1. ## show ring isomorphism

Let $R$ be a ring and $M$ an $R$-module.
$Hom_R(R,M)$ is the set of $R$-homomorphisms from $R$ to $M$.
Define $\phi: Hom_R(R,M) \rightarrow M$ by $\phi(f)=f(1)$. Show $\phi$ is a ring isomorphism.
I know how to show it is a homomorphism and one-to-one, but having trouble with onto. Can I get some help?

2. Originally Posted by dori1123
Let $R$ be a ring and $M$ an $R$-module.
$Hom_R(R,M)$ is the set of $R$-homomorphisms from $R$ to $M$.
Define $\phi: Hom_R(R,M) \rightarrow M$ by $\phi(f)=f(1)$. Show $\phi$ is a ring isomorphism (R-module isomorphism ?).
I know how to show it is a homomorphism and one-to-one, but having trouble with onto. Can I get some help?
Your M seems to be a unitary R-module from your question because f(1) is defined.

I think it is difficult to deduce that $\phi$ is onto by using a $\phi$ alone.

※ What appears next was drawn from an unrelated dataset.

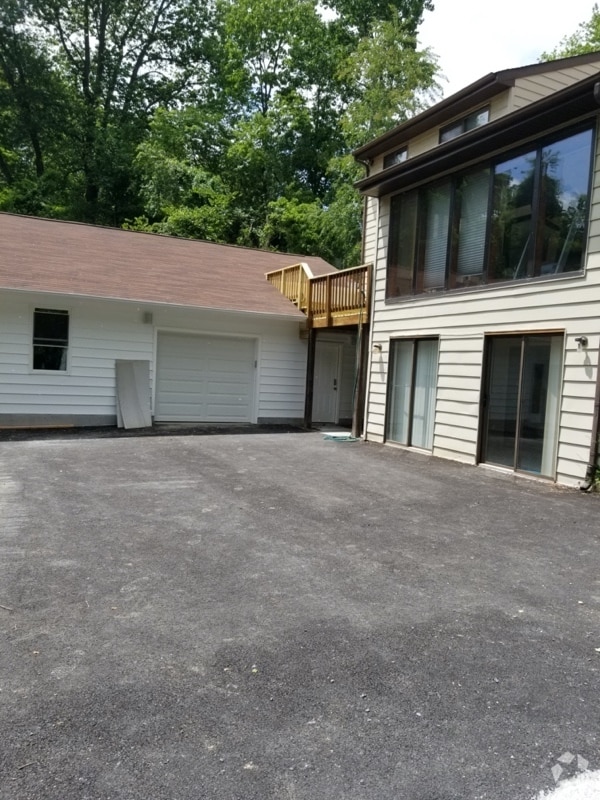 Building Photo - 7608 Carteret Rd Rental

Rather, define a map $\psi:M \rightarrow Hom_R(R,M)$ given by $m \mapsto f_m$, where $f_m(r) = rm$.

Suppose $m_1 = m_2$ ( $m_1, m_2 \in M)$. Then, $\psi(m_1) = f_{m_{1}}=f_{m_{2}}=\psi(m_2)$, because $f_{m_{1}}(r)=rm_1=rm_2=f_{m_{2}}(r)$. Thus $\psi$ is well-defined. I'll leave it to you to show that $\psi$ is an R-module homomorphism.

Then $\phi\psi=1_M$ and $\psi\phi=1_{Hom_{R}(R,M)}$ (verify this).

3. Just to show that given any element x in M, you can construct a well-defined R-homomorphism f from R to M such that f(1)=x. The $f_m$ function that aliceinwonderland constructed is exactly demonstrating this idea.